Kaurismaki y Mel Gibson, la veracidad de lo inverosímil
Su última película, «Le Havre», compite por la Palma de Oro y lo hace con toda la ingenuidad de que es capaz este cineasta
Las películas del finlandés Aki Kaurismaki parece como si funcionaran con manivela, o dándoles cuerda; son pequeñitas, musicales y graciosas como un organillo, y también cándidas como un cuenco de leche.
La última, «Le Havre», compite por la Palma de Oro y lo hace con toda la ingenuidad de que es capaz este cineasta que unta sus películas con los andares de Chaplin y con los gestos de Keaton, y que viene a contar una historia portuaria, de pobreza y dignidad, de inmigración y solidaridad, de gente buena y de gente aún más buena: «Le Havre» es el ejemplo más claro de que lo inverosímil puede darle un buen cepillado a los zapatos sucios de la realidad.

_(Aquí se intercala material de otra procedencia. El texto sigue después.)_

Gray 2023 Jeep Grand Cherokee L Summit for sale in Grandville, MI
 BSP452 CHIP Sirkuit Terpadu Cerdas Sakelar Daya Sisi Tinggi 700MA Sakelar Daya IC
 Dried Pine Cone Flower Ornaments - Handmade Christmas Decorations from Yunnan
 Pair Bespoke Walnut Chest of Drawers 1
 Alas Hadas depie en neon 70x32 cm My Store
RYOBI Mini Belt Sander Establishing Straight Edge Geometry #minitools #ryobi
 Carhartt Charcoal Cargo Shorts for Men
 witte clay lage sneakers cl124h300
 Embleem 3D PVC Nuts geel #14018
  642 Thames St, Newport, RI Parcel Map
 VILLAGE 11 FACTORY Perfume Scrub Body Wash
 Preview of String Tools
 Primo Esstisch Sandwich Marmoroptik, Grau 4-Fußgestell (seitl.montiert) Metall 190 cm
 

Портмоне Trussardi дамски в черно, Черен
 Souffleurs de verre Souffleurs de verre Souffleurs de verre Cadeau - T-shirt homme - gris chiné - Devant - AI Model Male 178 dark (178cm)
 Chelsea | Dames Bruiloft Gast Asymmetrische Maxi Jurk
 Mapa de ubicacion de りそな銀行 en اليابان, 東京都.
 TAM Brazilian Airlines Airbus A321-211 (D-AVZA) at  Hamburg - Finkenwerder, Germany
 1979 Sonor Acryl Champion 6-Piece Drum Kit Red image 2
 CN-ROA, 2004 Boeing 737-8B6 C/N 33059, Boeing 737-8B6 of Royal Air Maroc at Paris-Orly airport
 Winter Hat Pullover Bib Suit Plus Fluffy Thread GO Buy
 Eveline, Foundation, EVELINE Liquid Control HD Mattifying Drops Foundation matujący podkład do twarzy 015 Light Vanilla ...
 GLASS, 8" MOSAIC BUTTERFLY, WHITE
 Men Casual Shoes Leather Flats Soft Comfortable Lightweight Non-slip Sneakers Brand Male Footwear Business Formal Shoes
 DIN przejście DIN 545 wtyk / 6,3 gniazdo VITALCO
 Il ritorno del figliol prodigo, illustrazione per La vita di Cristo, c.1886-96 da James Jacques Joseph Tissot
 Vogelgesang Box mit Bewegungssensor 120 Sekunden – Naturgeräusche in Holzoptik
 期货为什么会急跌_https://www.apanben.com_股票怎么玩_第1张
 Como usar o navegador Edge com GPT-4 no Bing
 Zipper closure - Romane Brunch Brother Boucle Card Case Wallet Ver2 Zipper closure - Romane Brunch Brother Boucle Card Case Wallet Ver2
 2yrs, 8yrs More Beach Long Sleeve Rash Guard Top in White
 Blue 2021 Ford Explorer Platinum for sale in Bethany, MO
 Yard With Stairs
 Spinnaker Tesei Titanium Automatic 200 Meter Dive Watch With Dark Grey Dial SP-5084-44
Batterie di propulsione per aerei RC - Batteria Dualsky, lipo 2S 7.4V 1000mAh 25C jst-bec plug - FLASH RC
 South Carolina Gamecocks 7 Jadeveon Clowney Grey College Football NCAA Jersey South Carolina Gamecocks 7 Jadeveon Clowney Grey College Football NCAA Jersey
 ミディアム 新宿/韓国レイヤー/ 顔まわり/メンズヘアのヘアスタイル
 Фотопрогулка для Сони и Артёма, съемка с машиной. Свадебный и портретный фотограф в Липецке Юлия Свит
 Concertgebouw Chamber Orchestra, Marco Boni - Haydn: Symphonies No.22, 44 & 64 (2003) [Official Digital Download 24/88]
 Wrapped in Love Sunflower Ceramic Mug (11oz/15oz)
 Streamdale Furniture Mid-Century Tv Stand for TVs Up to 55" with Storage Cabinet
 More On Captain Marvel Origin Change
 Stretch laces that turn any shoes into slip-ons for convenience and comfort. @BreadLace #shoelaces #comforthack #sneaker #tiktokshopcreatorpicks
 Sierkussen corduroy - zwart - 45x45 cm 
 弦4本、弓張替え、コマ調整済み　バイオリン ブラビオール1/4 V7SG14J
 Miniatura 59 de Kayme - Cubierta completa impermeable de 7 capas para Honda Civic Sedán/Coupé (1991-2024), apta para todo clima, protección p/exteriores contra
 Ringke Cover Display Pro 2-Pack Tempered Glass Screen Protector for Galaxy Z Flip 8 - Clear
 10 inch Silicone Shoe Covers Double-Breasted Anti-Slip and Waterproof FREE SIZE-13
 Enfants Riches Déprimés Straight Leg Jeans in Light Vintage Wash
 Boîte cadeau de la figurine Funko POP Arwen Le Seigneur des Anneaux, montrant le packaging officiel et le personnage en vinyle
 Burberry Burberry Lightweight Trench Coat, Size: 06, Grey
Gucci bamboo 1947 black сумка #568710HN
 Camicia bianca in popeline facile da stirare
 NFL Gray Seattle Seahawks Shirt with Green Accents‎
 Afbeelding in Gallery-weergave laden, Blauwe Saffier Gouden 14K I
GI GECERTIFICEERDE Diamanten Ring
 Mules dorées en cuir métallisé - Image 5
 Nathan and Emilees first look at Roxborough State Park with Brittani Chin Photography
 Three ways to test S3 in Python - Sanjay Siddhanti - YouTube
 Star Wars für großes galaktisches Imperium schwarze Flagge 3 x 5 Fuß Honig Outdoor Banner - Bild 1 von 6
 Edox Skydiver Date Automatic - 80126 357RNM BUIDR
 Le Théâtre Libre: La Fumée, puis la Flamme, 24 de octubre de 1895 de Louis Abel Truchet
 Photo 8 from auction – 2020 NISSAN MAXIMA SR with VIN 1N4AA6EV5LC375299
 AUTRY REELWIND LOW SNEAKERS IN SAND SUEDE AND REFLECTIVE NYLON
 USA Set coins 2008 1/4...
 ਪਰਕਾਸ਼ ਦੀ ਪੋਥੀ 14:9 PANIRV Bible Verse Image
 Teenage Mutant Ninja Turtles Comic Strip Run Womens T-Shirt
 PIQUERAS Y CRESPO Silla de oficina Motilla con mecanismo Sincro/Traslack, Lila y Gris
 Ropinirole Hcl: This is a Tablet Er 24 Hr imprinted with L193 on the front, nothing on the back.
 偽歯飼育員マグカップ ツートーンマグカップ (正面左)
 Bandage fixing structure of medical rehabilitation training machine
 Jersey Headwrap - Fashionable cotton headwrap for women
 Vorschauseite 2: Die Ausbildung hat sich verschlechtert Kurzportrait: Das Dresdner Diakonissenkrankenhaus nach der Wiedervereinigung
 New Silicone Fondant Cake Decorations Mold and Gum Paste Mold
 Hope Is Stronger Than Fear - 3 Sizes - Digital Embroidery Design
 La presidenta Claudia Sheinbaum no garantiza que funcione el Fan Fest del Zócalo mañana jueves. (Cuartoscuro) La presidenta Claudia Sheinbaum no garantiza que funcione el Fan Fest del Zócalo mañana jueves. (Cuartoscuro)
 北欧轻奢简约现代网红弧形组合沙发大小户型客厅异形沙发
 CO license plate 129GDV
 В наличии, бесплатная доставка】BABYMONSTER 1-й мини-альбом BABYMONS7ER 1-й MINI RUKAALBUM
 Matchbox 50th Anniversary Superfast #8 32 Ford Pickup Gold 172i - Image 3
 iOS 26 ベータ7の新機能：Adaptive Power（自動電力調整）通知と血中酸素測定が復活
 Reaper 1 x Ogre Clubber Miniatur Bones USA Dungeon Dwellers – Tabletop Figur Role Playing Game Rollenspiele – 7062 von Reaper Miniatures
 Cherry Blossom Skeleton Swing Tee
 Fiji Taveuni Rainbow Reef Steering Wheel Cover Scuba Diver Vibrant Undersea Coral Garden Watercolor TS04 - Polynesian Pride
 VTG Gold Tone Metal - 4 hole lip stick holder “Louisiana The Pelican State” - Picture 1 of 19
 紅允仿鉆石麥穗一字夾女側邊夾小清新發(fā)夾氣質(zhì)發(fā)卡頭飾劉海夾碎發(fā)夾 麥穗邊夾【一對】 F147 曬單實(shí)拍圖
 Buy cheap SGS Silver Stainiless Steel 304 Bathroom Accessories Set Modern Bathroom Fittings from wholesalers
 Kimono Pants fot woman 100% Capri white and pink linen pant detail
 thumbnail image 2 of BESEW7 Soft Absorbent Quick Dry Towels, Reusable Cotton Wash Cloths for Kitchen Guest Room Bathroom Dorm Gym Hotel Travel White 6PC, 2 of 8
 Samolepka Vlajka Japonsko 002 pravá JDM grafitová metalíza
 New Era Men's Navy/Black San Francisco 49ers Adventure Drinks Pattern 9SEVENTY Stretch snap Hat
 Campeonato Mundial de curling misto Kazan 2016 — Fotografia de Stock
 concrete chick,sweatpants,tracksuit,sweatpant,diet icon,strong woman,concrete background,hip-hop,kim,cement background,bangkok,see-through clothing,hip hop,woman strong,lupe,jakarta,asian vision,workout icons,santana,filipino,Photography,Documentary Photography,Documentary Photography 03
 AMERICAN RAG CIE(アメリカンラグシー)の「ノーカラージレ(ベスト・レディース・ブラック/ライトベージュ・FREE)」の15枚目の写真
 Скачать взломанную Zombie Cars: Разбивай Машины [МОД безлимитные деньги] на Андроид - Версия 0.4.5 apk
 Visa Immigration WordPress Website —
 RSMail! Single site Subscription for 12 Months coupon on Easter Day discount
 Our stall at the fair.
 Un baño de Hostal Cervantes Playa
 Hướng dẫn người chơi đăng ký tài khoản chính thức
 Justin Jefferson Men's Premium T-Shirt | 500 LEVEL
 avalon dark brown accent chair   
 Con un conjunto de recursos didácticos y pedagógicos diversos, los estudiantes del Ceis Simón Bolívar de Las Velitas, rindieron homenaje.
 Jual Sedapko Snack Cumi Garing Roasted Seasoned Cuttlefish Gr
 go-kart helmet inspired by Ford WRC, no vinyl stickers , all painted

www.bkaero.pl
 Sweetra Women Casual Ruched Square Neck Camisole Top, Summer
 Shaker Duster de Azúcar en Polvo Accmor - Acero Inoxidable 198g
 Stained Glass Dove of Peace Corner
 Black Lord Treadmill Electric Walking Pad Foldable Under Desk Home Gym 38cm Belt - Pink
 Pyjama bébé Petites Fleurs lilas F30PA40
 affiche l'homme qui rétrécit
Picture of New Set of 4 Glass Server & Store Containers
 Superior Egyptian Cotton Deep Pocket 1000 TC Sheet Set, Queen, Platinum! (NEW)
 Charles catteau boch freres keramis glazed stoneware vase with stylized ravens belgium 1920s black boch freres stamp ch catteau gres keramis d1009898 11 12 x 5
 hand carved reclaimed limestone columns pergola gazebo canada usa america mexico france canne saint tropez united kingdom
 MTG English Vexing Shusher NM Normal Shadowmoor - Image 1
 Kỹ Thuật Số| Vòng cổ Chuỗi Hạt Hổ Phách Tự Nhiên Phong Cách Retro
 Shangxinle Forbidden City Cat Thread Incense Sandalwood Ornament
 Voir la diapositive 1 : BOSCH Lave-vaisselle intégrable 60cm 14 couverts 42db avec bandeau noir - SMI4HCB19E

Sus personajes son los habituales, un bohemio limpiabotas, su mujer santa, el golden Laika que ahora menea el rabillo en francés, un niño ilegal que quiere llegar hasta Londres, donde está su madre... Y los ambientes, puro Kaurismaki: la barra de un escueto bar, una cocina pelada, la esquina de una calle, el vecindario… «Le Havre» es exactamente la película que cualquier conocedor de Aki Kaurismaki espera, y lo sorprendente es que suenen igual de nuevas y frescas sus candorosas denuncias de la maldad en este mundo, donde hay quien roba «cosas», quien delata al vecino y quien es perseguido por la ley pero no por la justicia… Por un momento, en la imagen sorprendente del bohemio y del policía astuto que encarna Jean Pierre Darroussin yéndose hacia el interior de un bar, parece que va a sonar la frase de «creo que esto puede ser el principio de una gran amistad», lo cual, con el cine de Kaurismaki, es siempre una promesa.
No aplaudir a Kaurismaki o a su cine es como apagar velas en una iglesia. Lo contrario que le suele ocurrir a Mel Gibson, tan fácil de silbar y abuchear; por eso hay que darle el valor que tiene al aplauso general que el público le concedió a «The Beaver» («El castor»), dirigida por Jodie Foster y en la que el polémico actor y director consigue, como Kaurismaki, que lo inverosímil mezcle perfectamente con la sensación de realidad.
Un hombre acomodado y con éxito se escuda tras un castor de peluche para diluir la depresión absoluta que lo empuja al abismo, con la lógica perplejidad de su mujer, su hijo mayor, la empresa que dirige y el mundo entero… A Jodie Foster le funciona la metáfora, aunque gruesa, del ser humano y su fondo de marioneta, y la necesidad de expresarse de modo libre y sincero, y también un cierto tono naïf de cruzar la comedia y el drama.